• **What is needed**
Beginning with the line that contains "DAYUAN 28pcs Universal", retype the entries below exactly, ending with the line that contains "Sticker Recyclage des". Leave out any pictures.

Records from a collection

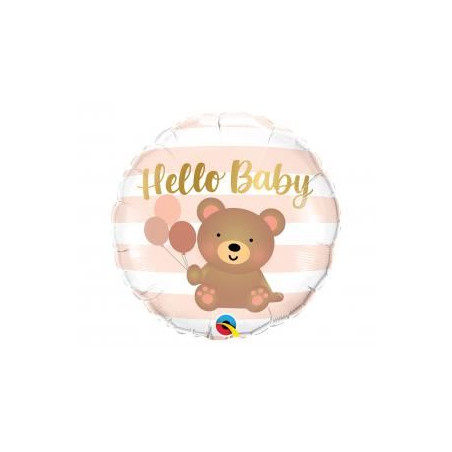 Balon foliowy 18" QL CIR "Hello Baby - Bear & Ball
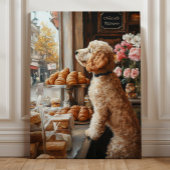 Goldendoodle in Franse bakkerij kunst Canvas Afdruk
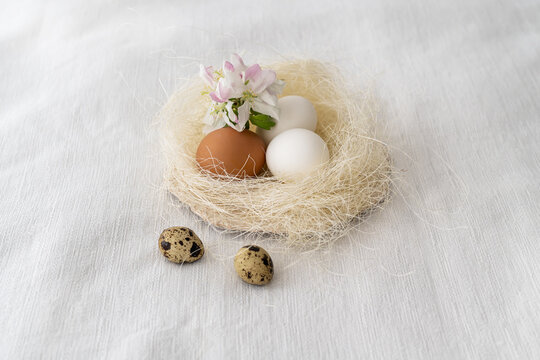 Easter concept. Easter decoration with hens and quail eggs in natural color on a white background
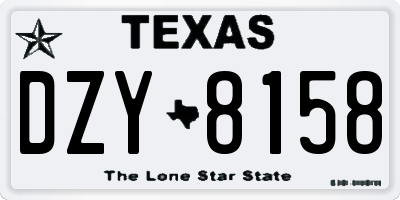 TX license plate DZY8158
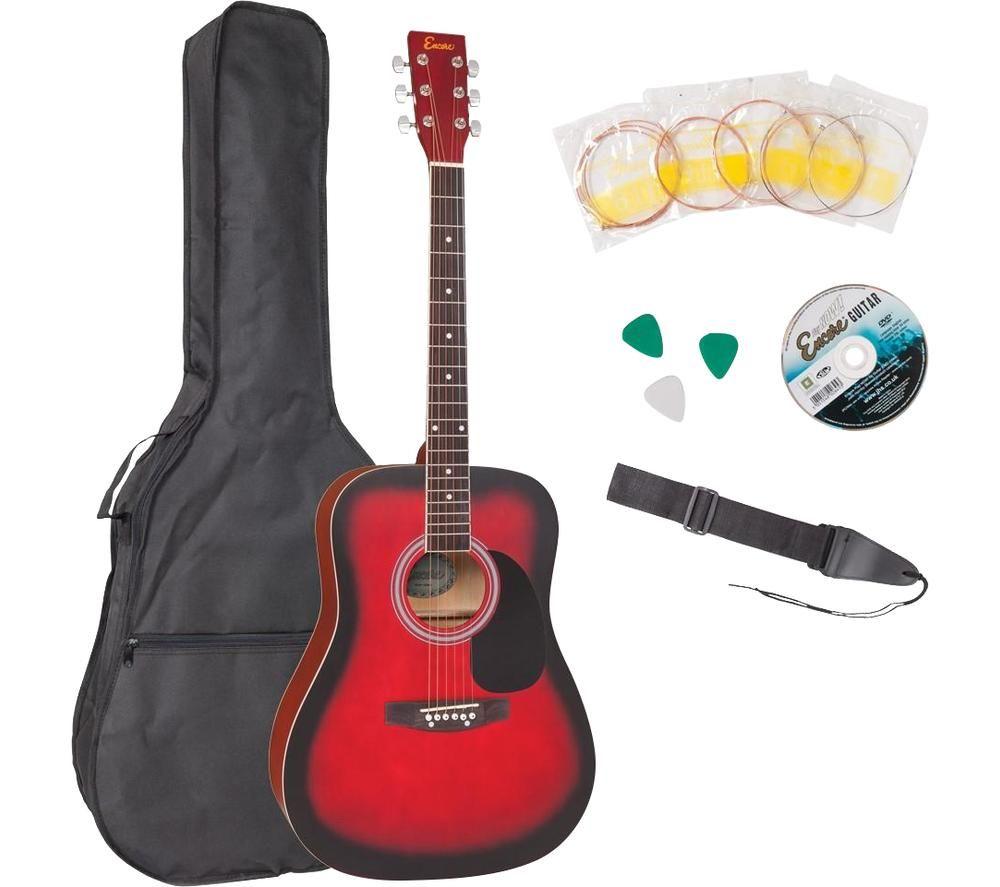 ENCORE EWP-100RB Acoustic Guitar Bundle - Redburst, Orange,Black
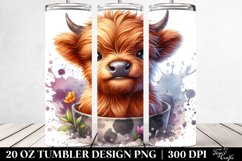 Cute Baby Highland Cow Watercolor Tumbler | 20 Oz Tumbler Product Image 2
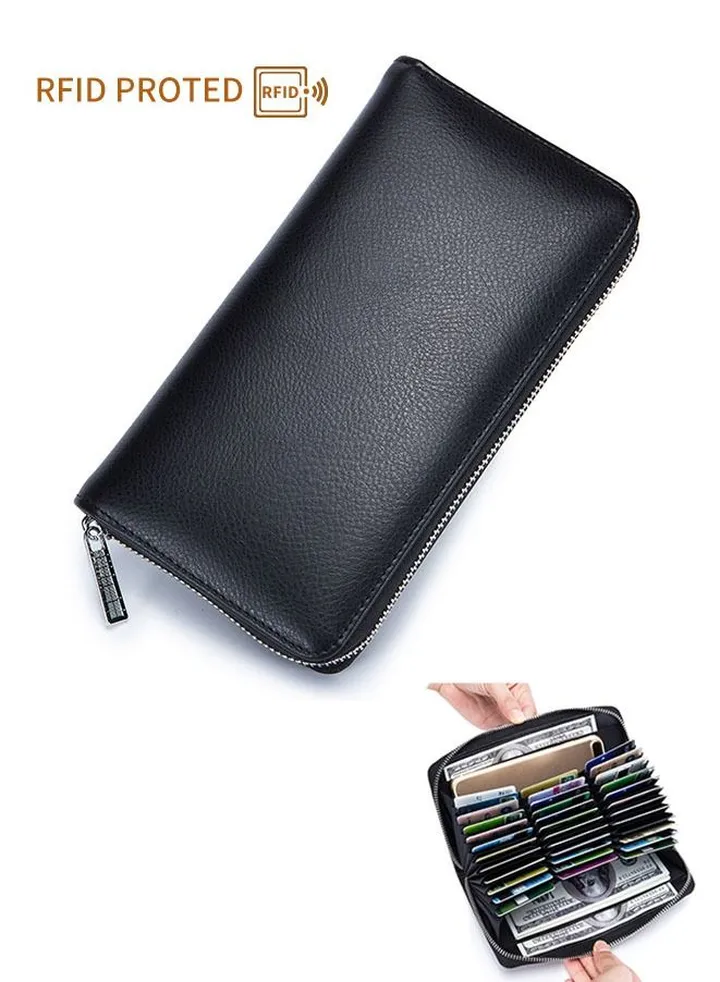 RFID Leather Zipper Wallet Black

==

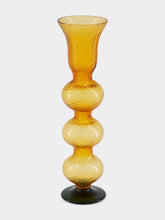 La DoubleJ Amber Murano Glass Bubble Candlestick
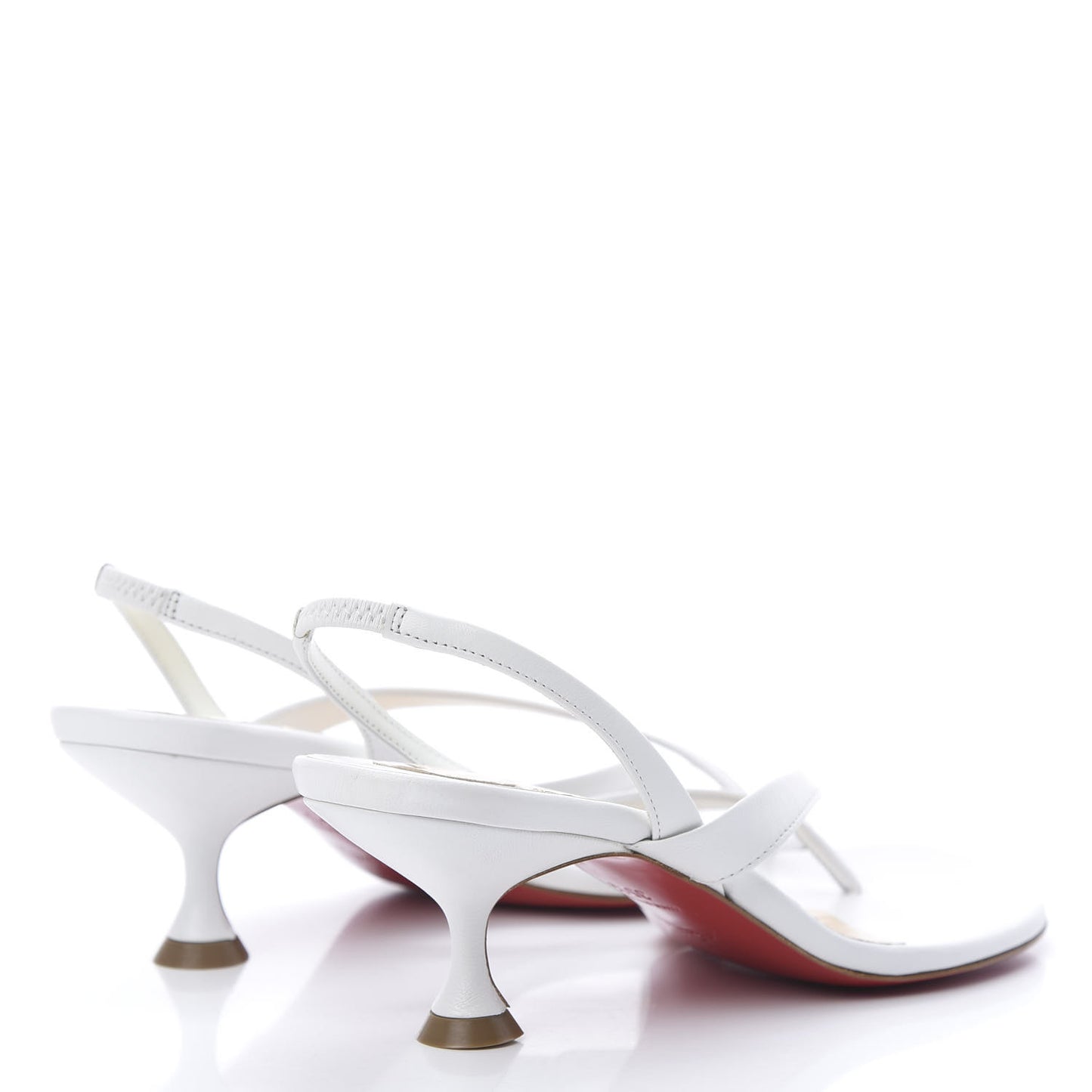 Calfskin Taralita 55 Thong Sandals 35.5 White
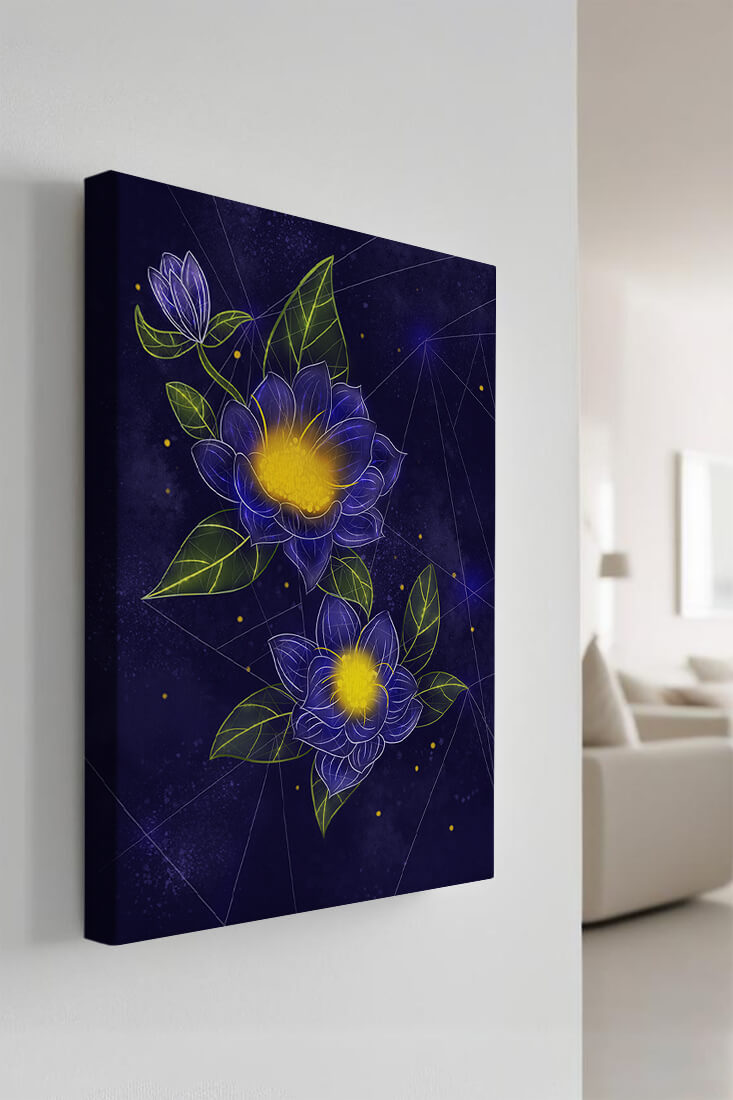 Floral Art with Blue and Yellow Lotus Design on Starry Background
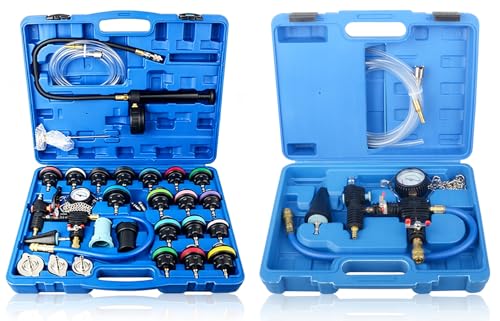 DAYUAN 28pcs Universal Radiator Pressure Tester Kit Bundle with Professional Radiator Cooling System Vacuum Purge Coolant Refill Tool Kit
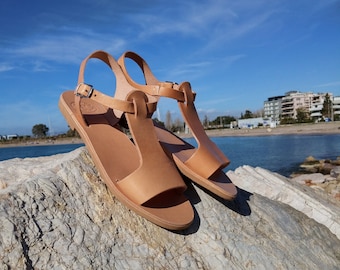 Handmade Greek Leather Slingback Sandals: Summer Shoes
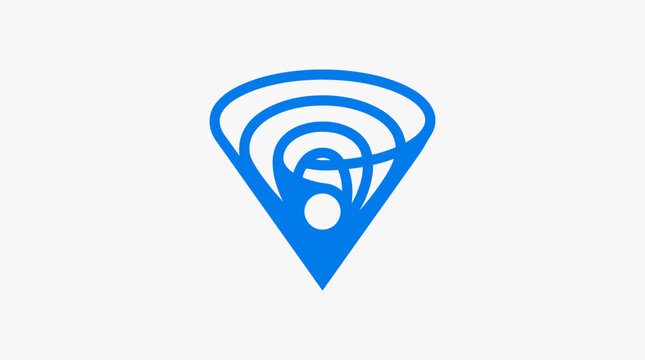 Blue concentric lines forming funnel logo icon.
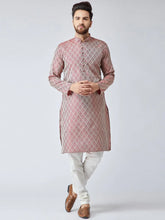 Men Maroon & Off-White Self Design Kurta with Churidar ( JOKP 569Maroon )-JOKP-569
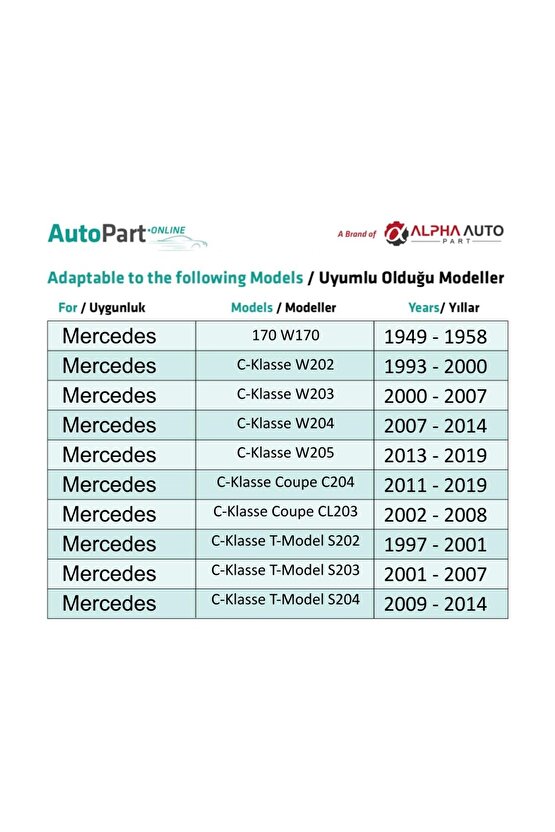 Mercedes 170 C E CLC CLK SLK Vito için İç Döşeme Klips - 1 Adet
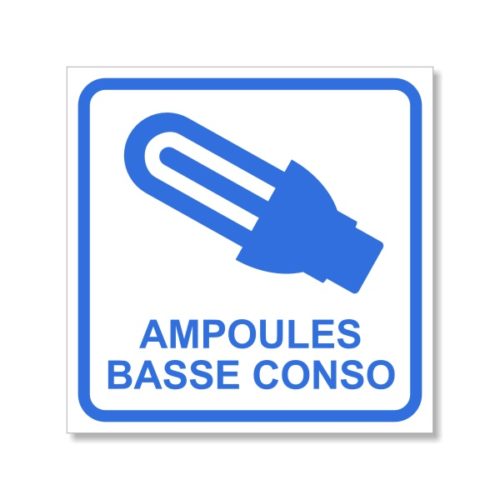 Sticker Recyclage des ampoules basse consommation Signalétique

• **Result of the task**
 DAYUAN 28pcs Universal Radiator Pressure Tester Kit Bundle with Professional Radiator Cooling System Vacuum Purge Coolant Refill Tool Kit
 Handmade Greek Leather Slingback Sandals: Summer Shoes
 Blue concentric lines forming funnel logo icon.
 Men Maroon & Off-White Self Design Kurta with Churidar ( JOKP 569Maroon )-JOKP-569
 Mercedes 170 C E CLC CLK SLK Vito için İç Döşeme Klips - 1 Adet
 Sticker Recyclage des ampoules basse consommation Signalétique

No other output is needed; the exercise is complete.